### WORK TO BE COMPLETED
Return each line exactly, beginning with the one that has "Eton Eton Contemporary" and finishing with the final line of the material. Drop any pictures.

### DATASET SECTION

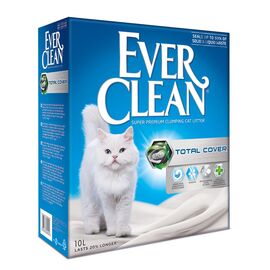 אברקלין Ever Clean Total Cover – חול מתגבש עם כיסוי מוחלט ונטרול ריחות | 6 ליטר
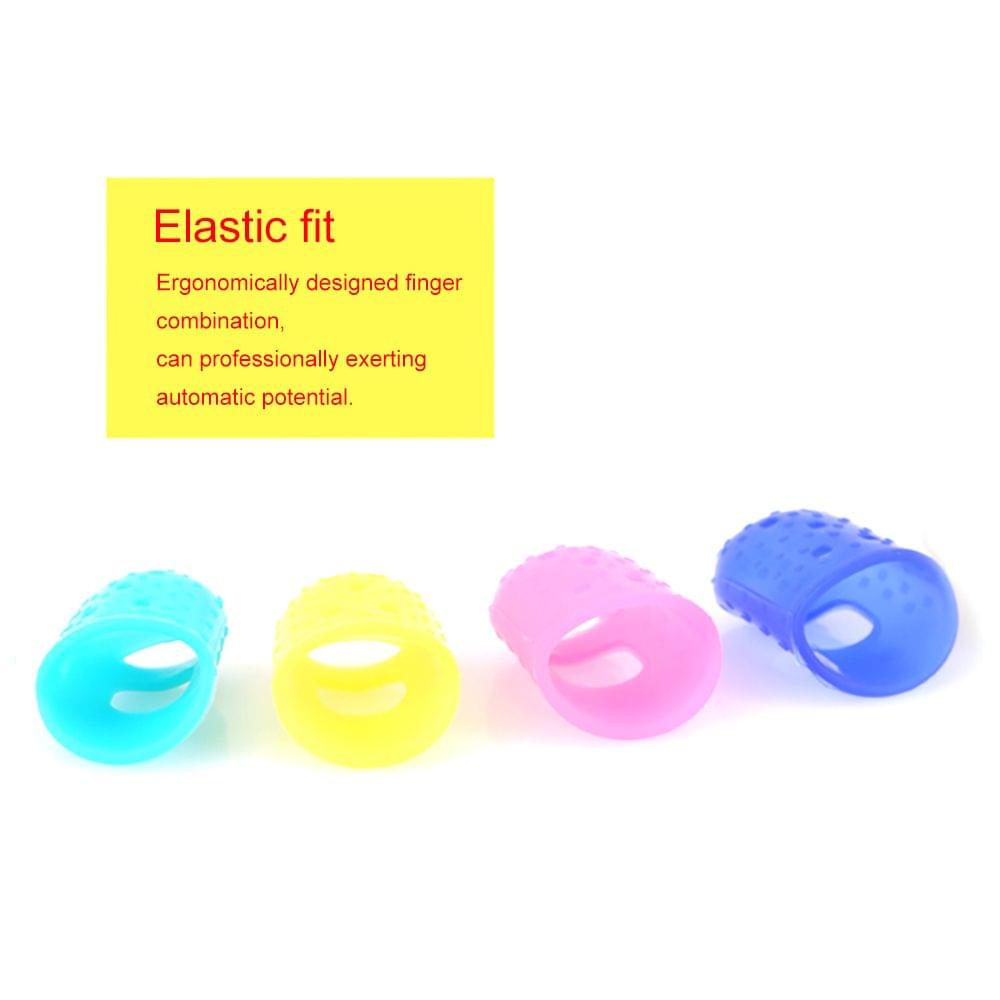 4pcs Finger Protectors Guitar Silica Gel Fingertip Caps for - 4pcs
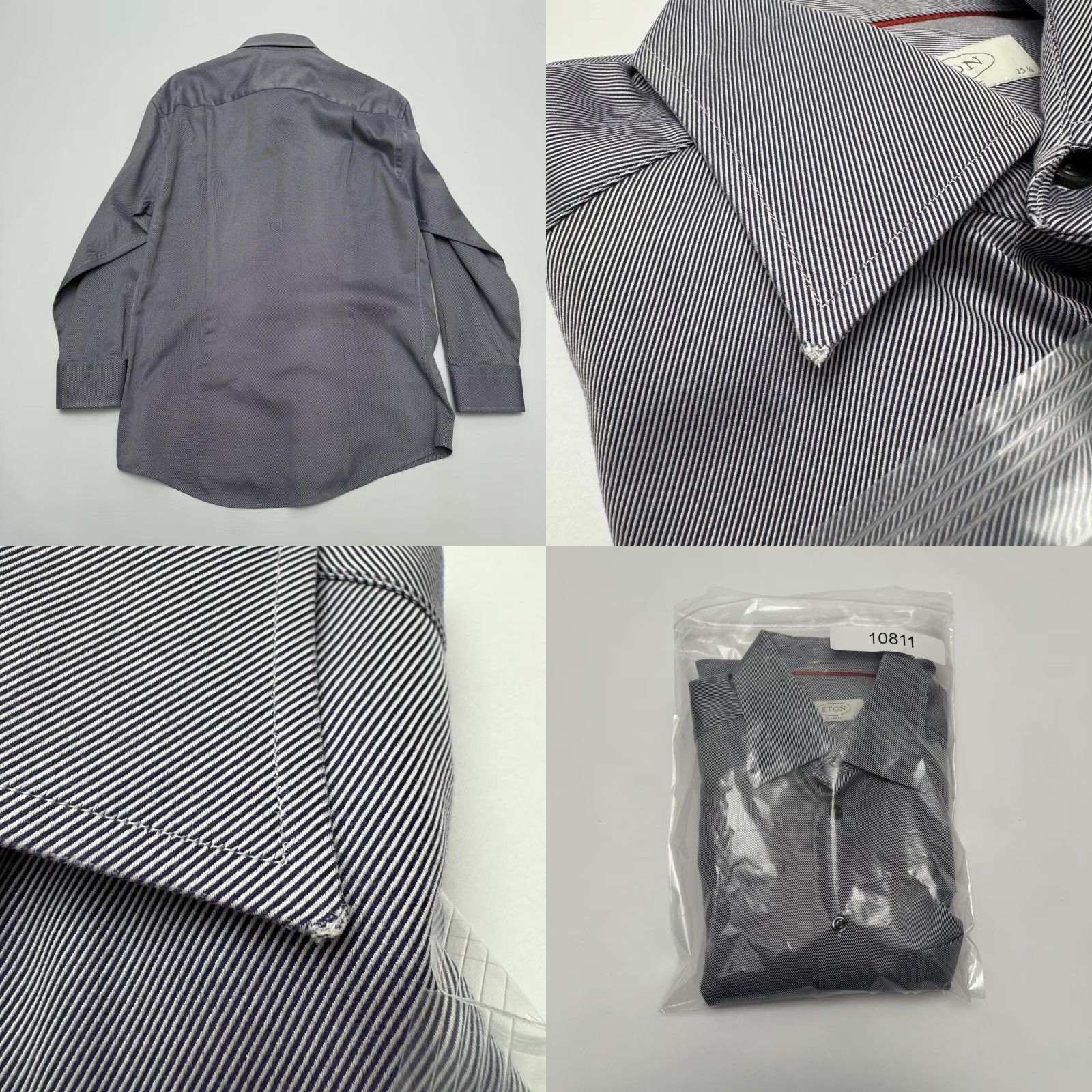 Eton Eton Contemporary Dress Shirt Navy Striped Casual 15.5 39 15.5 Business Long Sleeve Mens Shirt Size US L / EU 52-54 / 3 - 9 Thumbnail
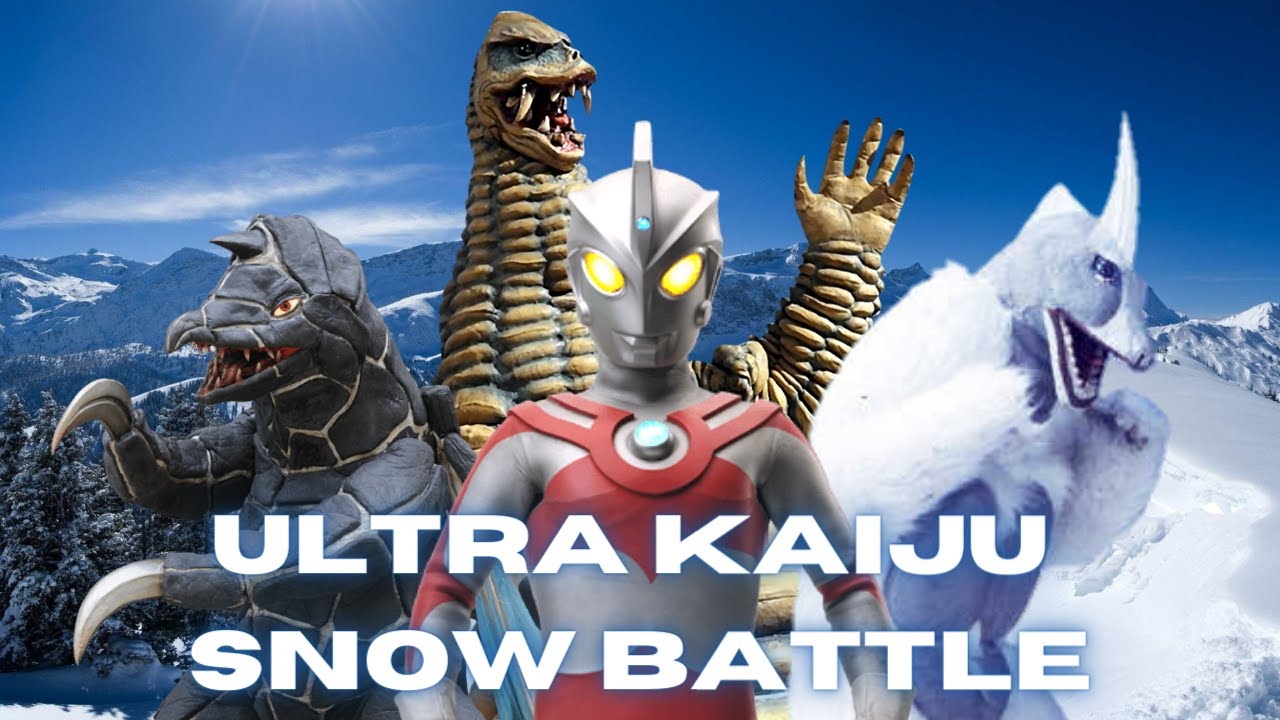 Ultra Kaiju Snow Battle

### RESULT
 Eton Eton Contemporary Dress Shirt Navy Striped Casual 15.5 39 15.5 Business Long Sleeve Mens Shirt Size US L / EU 52-54 / 3 - 9 Thumbnail
 Ultra Kaiju Snow Battle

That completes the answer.